It is an extraordinary fact that in just three years, 2011,
2012 and 2013, China used more cement than the United States
did in the 20th century, 6.6 billion tonnes compared with 4.4
billion, according to figures from the U.S. Geological Survey.
LONDON – “Why did nobody see it coming?” With this simple question, posed to Professor Luis Garicano of the London School of Economics in November 2008, Britain’s Queen Elizabeth famously summed up the layman’s astonishment that an obscure part of the derivatives universe could trigger a global financial crisis.
A similar question might be posed of the world’s miners right now. Having collectively bet the house on a commodities “supercycle” only to see the “super” part of that cycle dissolve in front of their eyes, they are now fighting the numerous fires engulfing their overstretched balance sheets.
They simply don’t appear to have seen it coming.
But then, if you believe Andrew Mackenzie, chief executive of BHP Billiton, they didn’t see the original boom coming either.

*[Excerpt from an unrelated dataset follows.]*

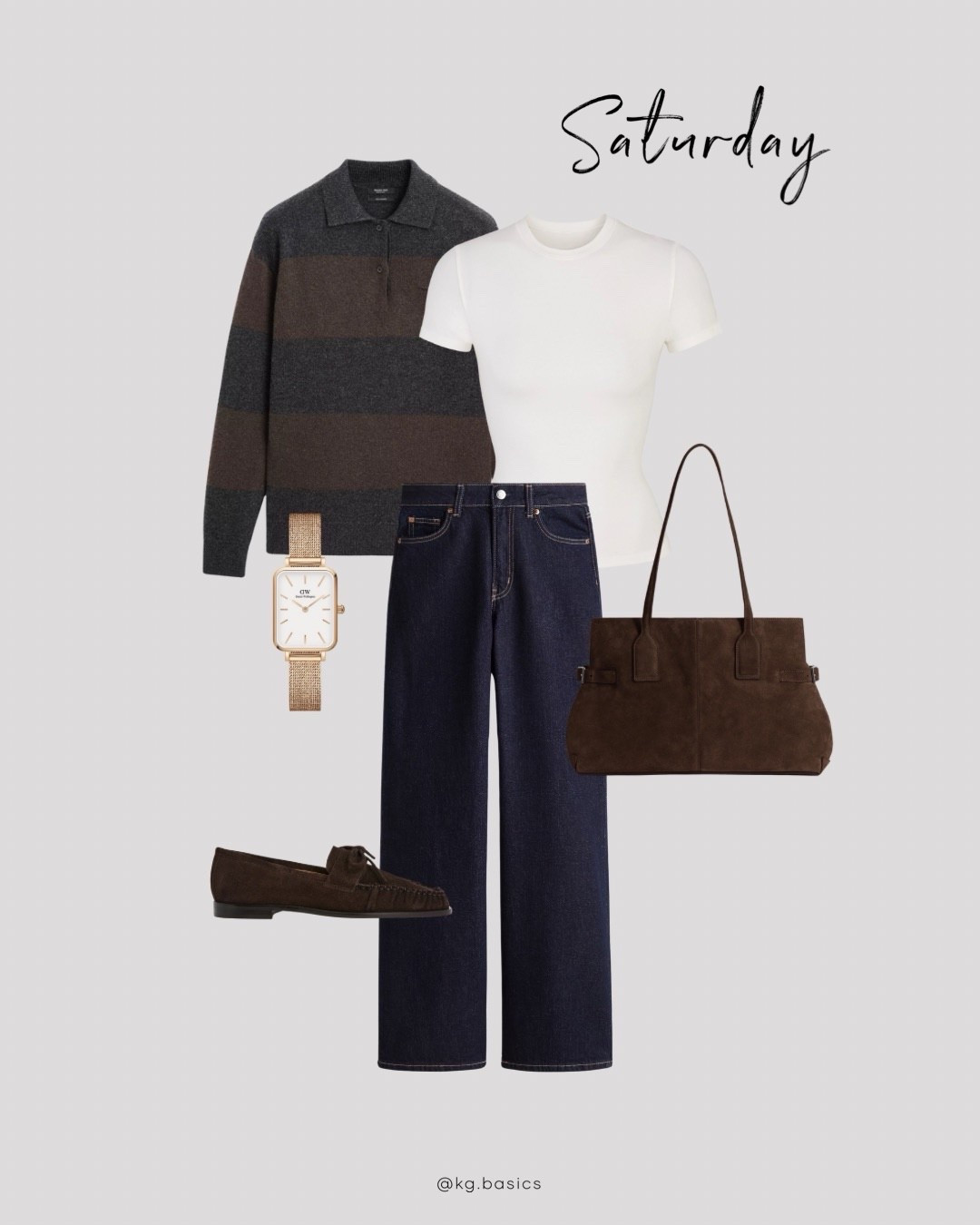 wearable fall outfits 6/7 🌧️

Speaking at the AFR Summit in Melbourne earlier this week, Mackenzie confessed that the economic rise of China earlier this century “happened at a scale and a pace we simply didn’t see coming.”
“Many (including BHP Billiton) were unprepared for what has been the greatest commodities boom of our time.”
Having failed to foresee the boom, they also failed to foresee the bust.
“While BHP Billiton anticipated emerging trends that signaled the end of the boom, we didn’t expect the scale and the speed with which it happened.”